Let $M\in \mathbb C^{n,n}$ have $n$ distinct eigenvalues, and let $U_1, U_2$ be two Schur-forms of $M$. Show that if $U_1, U_2$ have equal diagonals, there is a hermitian diagonal matrix $Q$ such that $U_1=QU_2Q^H.$
My attempt: we have $M=Q_1U_1Q_1^H$ and $M=Q_2U_2Q_2^H$ for some hermitian $Q_1, Q_2$. So $$U_1 = \underbrace{Q_1^HQ_2}_{=:Q}U_2Q_2^HQ_1.$$
$Q$ is clearly hermitian but how do we show that it's diagonal? I was hoping to show that it's upper-triangular and then it would follow. Yet how do we use the setup? $U_1, U_2$ have equal diagonals, so $U_1 = D+N_1, U_2=D+N_2$ (for a diagonal $D$ and nilpotent $N_1, N_2$). From the distinctness of the eigenvalues follows that $M$ is diagonalizable but I don't quite see how to use it either.
Any hints are hugely appreciated.
Best Answer
Let us prove that $Q$ is upper triangular. Let $e_1,\ldots,e_n$ be the canonical basis of $\mathbb{C}^n$. Suppose $a_1,\ldots,a_n$ are the diagonal entries of $U_1$ and $U_2$.
Lemma: Let $P_{n\times n}$ be upper triangular with distinct diagonal entries $a_1,\ldots,a_n$. If $v_i$ is an eigenvector of $P$ associated to $a_i$ then $v_i\in\text{span}\{e_1,\ldots,e_i\}$.
Proof: Since $P$ is upper triangular then $P(\text{span}\{e_1,\ldots,e_i\})\subset\text{span}\{e_1,\ldots,e_i\}$ for every $1\leq i\leq n$. Notice that the eigenvalues of $P|_{\text{span}\{e_1,\ldots,e_i\}}$ are $a_1,\ldots,a_i$. Thus, there is $0\neq w_i\in \text{span}\{e_1,\ldots,e_i\}$ such that $Pw_i=a_iw_i$. Finally, if $v_i$ is an eigenvector of $P$ associated to $a_i$ then $v_i=c w_i$, since the multiplicity of $a_i$ is $1$. Therefore, $v_i\in \text{span}\{e_1,\ldots,e_i\}$. $\square$
Now, let $v_1,\ldots,v_n$ be the eigenvectors of $U_2$ associated to $a_1,\ldots,a_n$, respectively. Since $U_2$ is upper triangular, by the previous lemma, $\text{span}\{v_1,\ldots,v_i\}\subset \text{span}\{e_1,\ldots,e_i\}$.

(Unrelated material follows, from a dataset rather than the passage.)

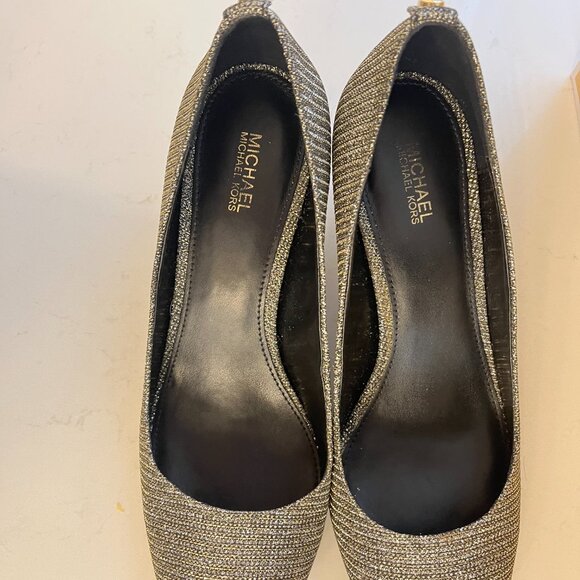 Michael Kors Jenna Flex Mesh Pump - Picture 5 of 6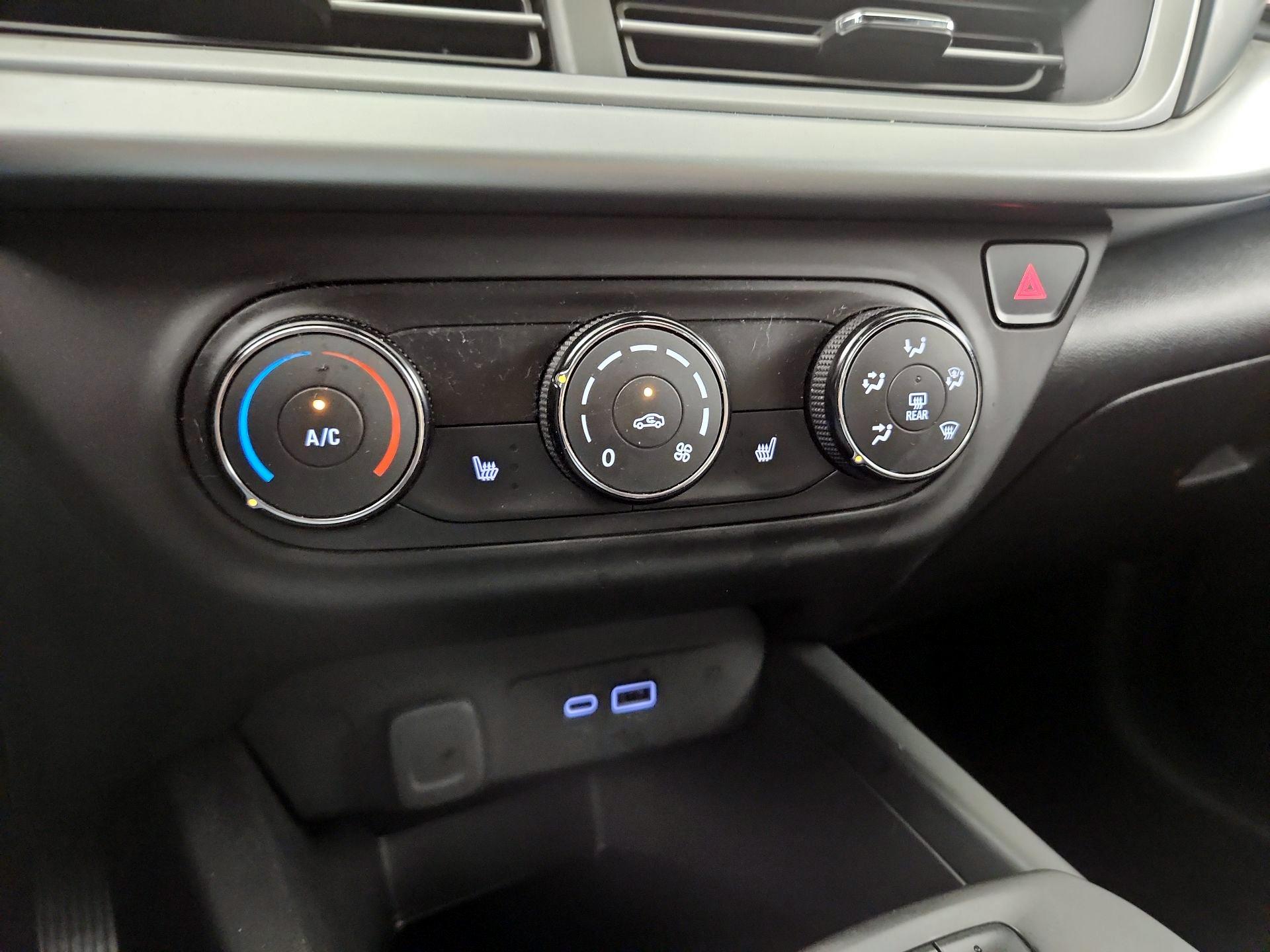 Thumbnail: 2024 Chevrolet Trax - 14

Now, since $\{v_1,\ldots,v_i\}$ are eigenvectors associated to different eigenvalues then they are L.I. and $\text{span}\{v_1,\ldots,v_i\}= \text{span}\{e_1,\ldots,e_i\}$.
Next, $U_1=QU_2Q^{H}$ and $U_1Qv_i=QU_2Q^{H}Qv_i=QU_2v_i=a_iQv_i$. Therefore, $\{Qv_1,\ldots,Qv_n\}$ are the eigenvectors of $U_1$ associted to $a_1,\ldots,a_n$.

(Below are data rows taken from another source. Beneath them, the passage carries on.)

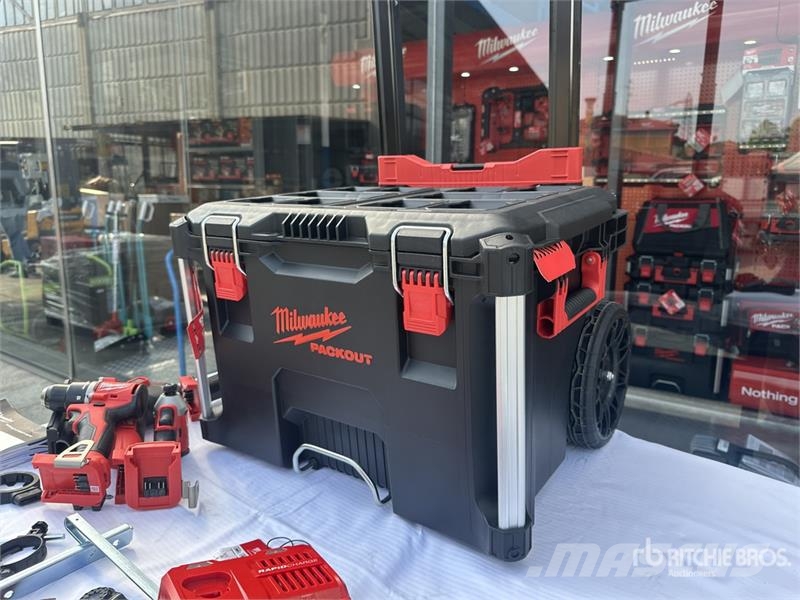 MILWAUKEE M18 BLCPP5A Qty of Equipment Tool Cabinet (Unused) Entreprenad - Övrigt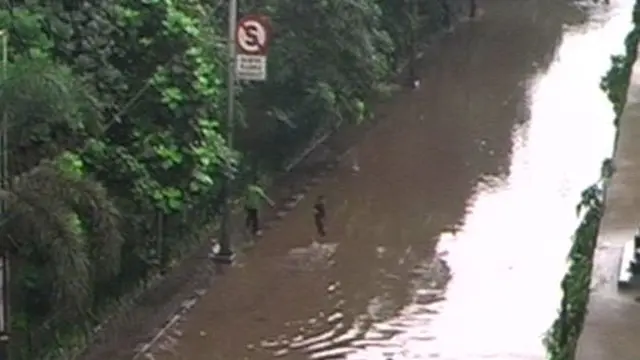 Jakarta Berubah Jadi Lautan Banjir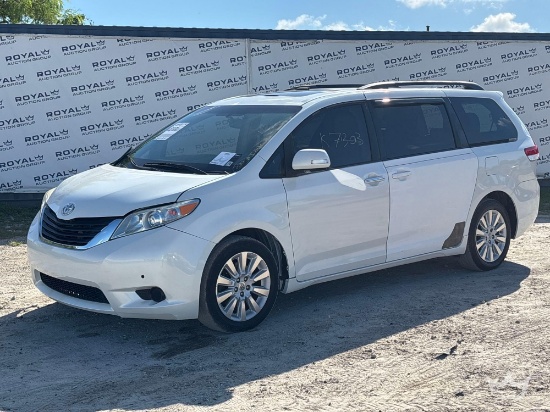 2013 Toyota Sienna Van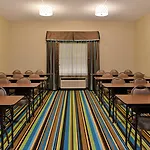 Holiday Inn Express&Suites St Marys
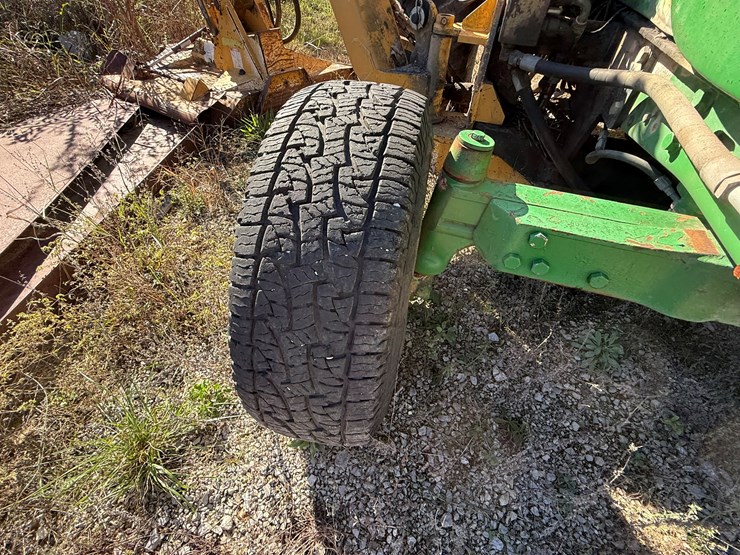 john-deere-6330-image-10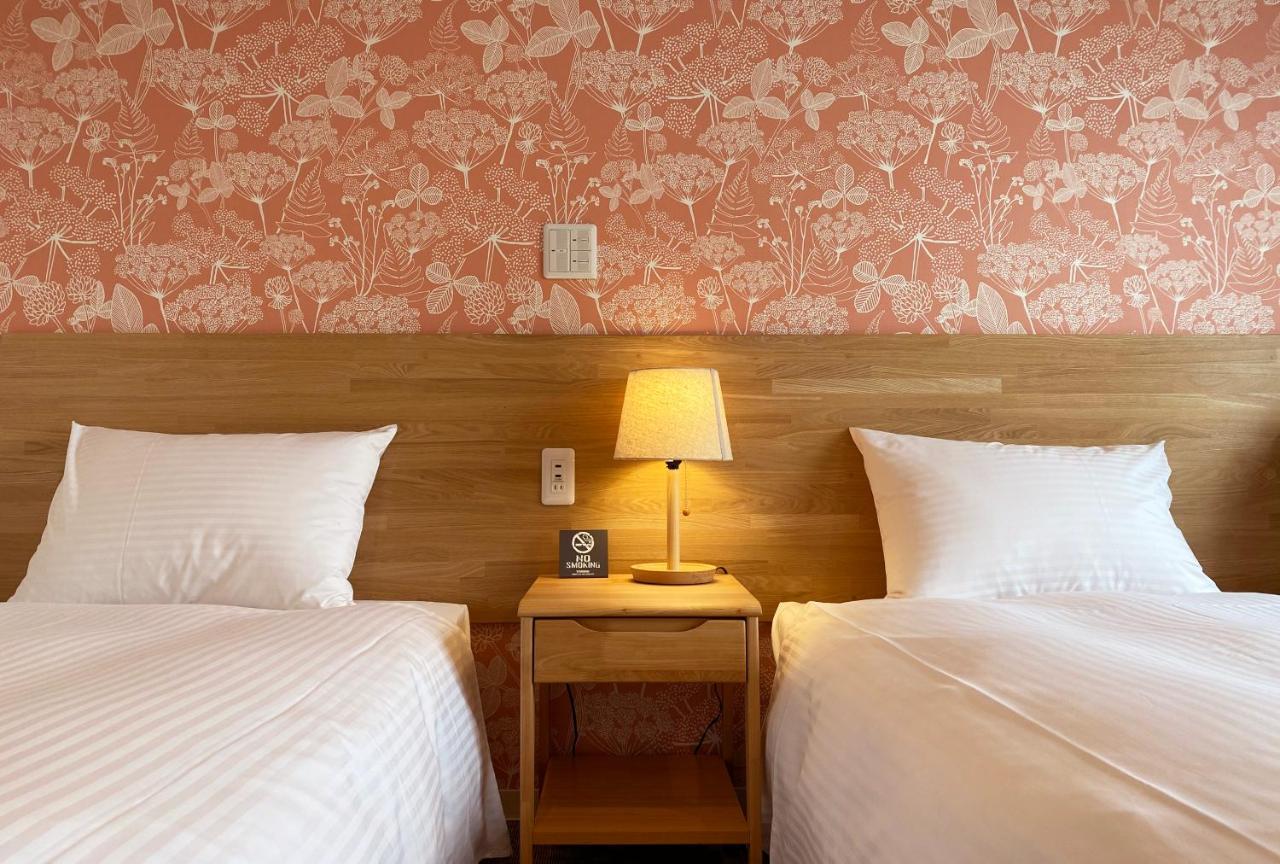 Hotel Hanafuji Inn Nakafurano Eksteriør billede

By the previous lemma, $\text{span}\{Qv_1,\ldots,Qv_i\}\subset \text{span}\{e_1,\ldots,e_i\}$.
Finally,$Q(\text{span}\{e_1,\ldots,e_i\})=Q(\text{span}\{v_1,\ldots,v_i\})=\text{span}\{Qv_1,\ldots,Qv_i\}\subset\text{span}\{e_1,\ldots,e_i\}$. This implies that $Q$ is upper triangular.